Security Researchers Want To Fully Audit Truecrypt
Hugh Pickens DOT Com writes "TrueCrypt has been part of security-minded users' toolkits for nearly a decade — but there's one problem: no one has ever conducted a full security audit on it. Now Cyrus Farivar reports in Ars Technica that a fundraiser reached more than $16,000 in a public call to perform a full security audit on TrueCrypt. 'Lots of people use it to store very sensitive information,' writes Matthew Green, a well-known cryptography professor at Johns Hopkins University. 'That includes corporate secrets and private personal information.

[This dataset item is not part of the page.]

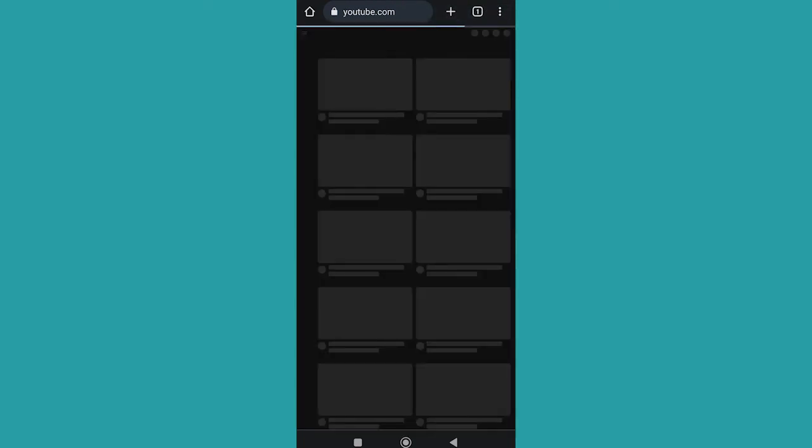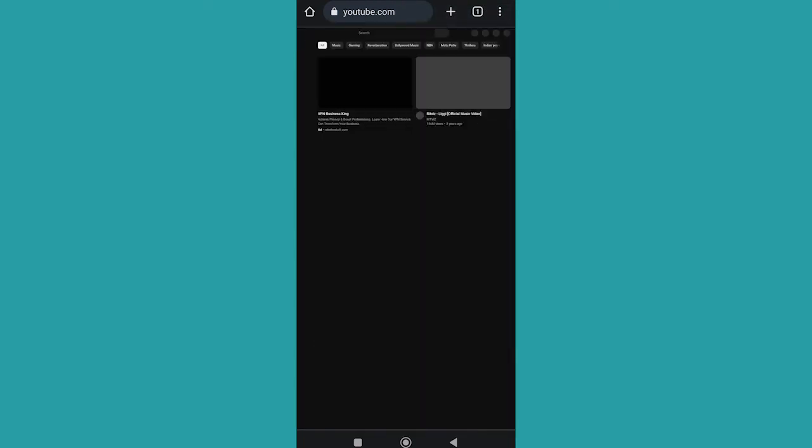And the page will refresh and redirect you to the mobile version of YouTube on your browser.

Bruce Schneier is even using it to store information on his personal air-gapped super-laptop, after he reviews leaked NSA documents. We should be sweating bullets about the security of a piece of software like this.' According to Green, Truecrypt 'does some damned funny things that should make any (correctly) paranoid person think twice.' The Ubuntu Privacy Group says the behavior of the Windows version [of Truecrypt 7.0] is problematic. 'As it can't be ruled out that the published Windows executable of Truecrypt 7.0a is compiled from a different source code than the code published in "TrueCrypt_7.0a_Source.zip" we however can't preclude that the binary Windows package uses the header bytes after the key for a back door.' Green is one of people leading the charge to setup the audit, and he helped create the website istruecryptauditedyet.com. 'We're now in a place where we have nearly, but not quite enough to get a serious audit done.'"
I am shocked, and frankly a little pissed off that Version 6 and Version 7 aren't identical.
Thirty four characters live here.
Yeah, it's a typo. The privacy report says in the last full paragraph on page 13:
As it can't be ruled out that the published Windows executable of TrueCrypt 7.0a is compiled from a different source code than the code published in “TrueCrypt 7.0a Source.zip” we however can't preclude that the binary Windows package uses the header bytes after the key for a back door.
Seems the author retyped the statement themselves rather than just copying and pasting then the summary carried it over.
Well, we can't trust that copy/paste hasn't been back-doored.
TrueCrypt has a custom license and it is unclear how it mixes with other licenses. This makes code-sharing between TrueCrypt and other projects problematical.
According to TFA nobody knows who wrote TrueCrypt.
The answer to the problem is simple: relicense TrueCrypt. If there are no known authors, there's nobody to complain.
All typos in the writeup aside, the TrueCrypt FAQ states:
In addition to reviewing the source code, independent researchers can compile the source code and compare the resulting executable files with the official ones. They may find some differences (for example, timestamps or embedded digital signatures) but they can analyze the differences and verify that they do not form malicious code.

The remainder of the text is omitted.